RECORDS:
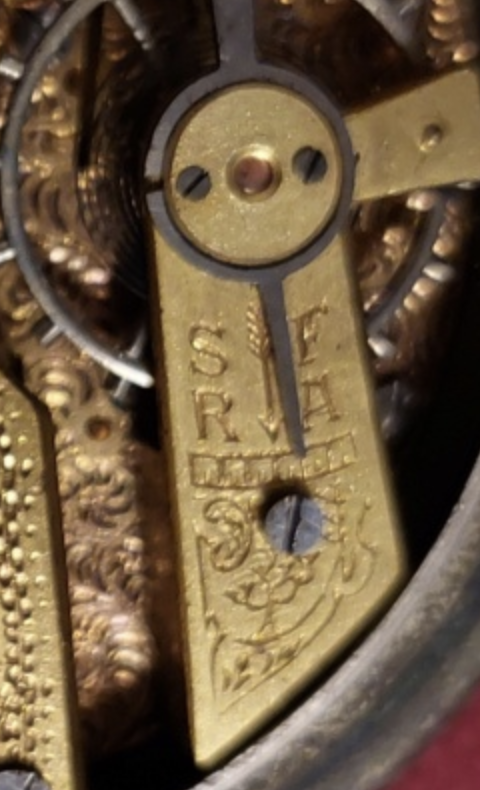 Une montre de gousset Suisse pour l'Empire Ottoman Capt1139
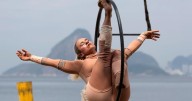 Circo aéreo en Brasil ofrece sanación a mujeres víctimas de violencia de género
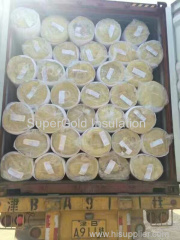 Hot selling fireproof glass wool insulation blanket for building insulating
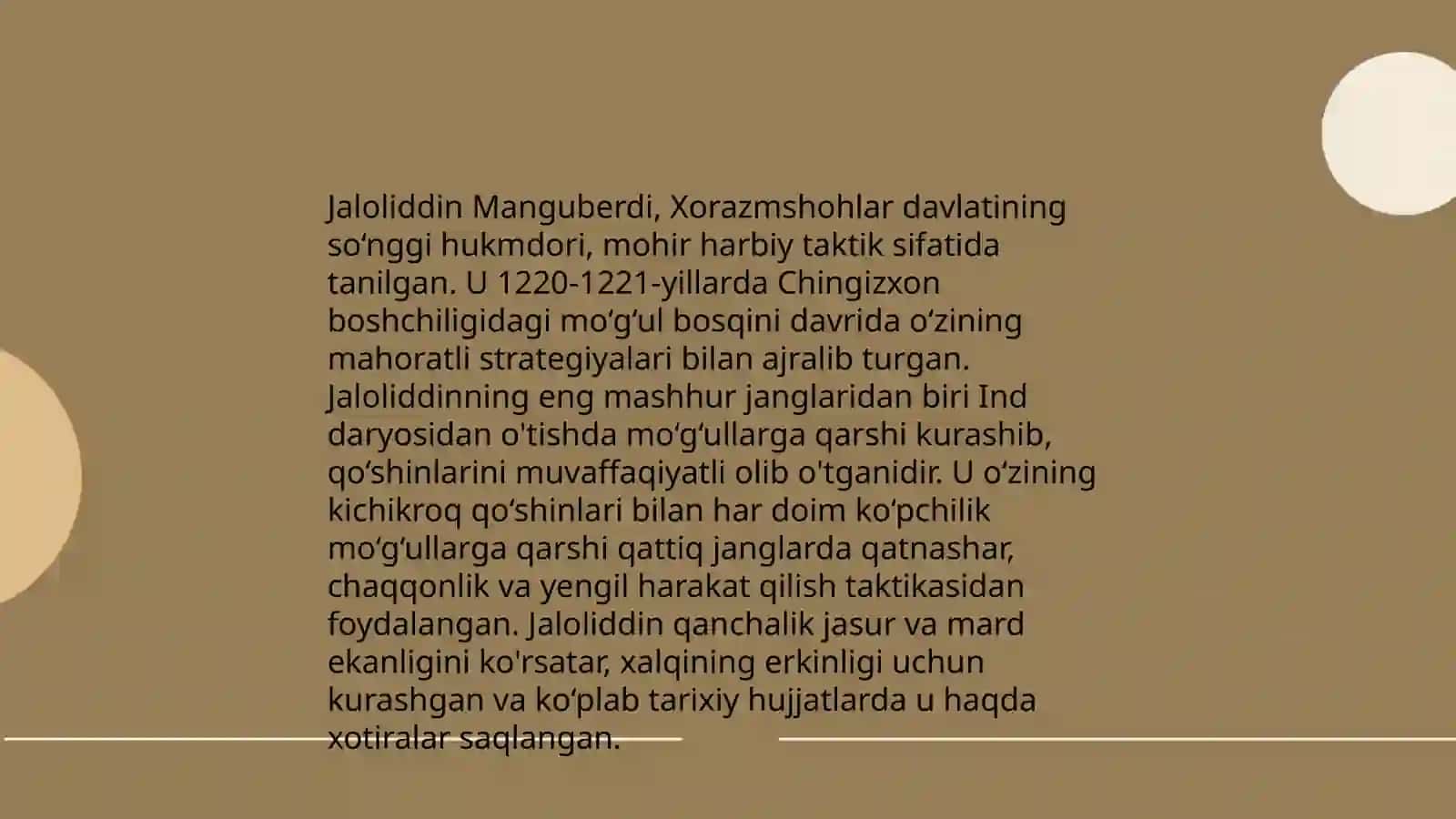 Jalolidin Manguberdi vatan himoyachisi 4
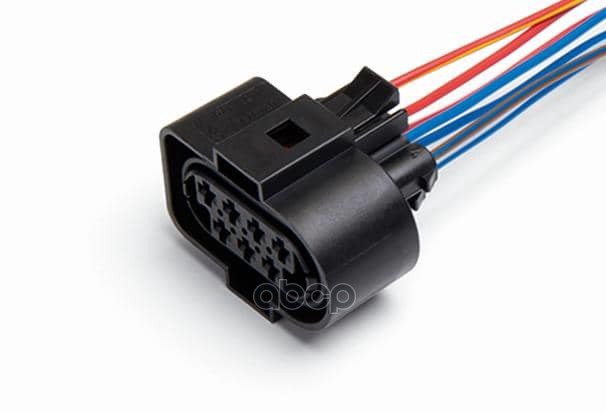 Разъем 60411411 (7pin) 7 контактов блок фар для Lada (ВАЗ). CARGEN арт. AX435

WHAT TO PRODUCE: The answer should be an exact restatement of every entry, with the pictures omitted.

ANSWER SECTION:
 Une montre de gousset Suisse pour l'Empire Ottoman Capt1139
 Circo aéreo en Brasil ofrece sanación a mujeres víctimas de violencia de género
 Hot selling fireproof glass wool insulation blanket for building insulating
 Jalolidin Manguberdi vatan himoyachisi 4
 Разъем 60411411 (7pin) 7 контактов блок фар для Lada (ВАЗ). CARGEN арт. AX435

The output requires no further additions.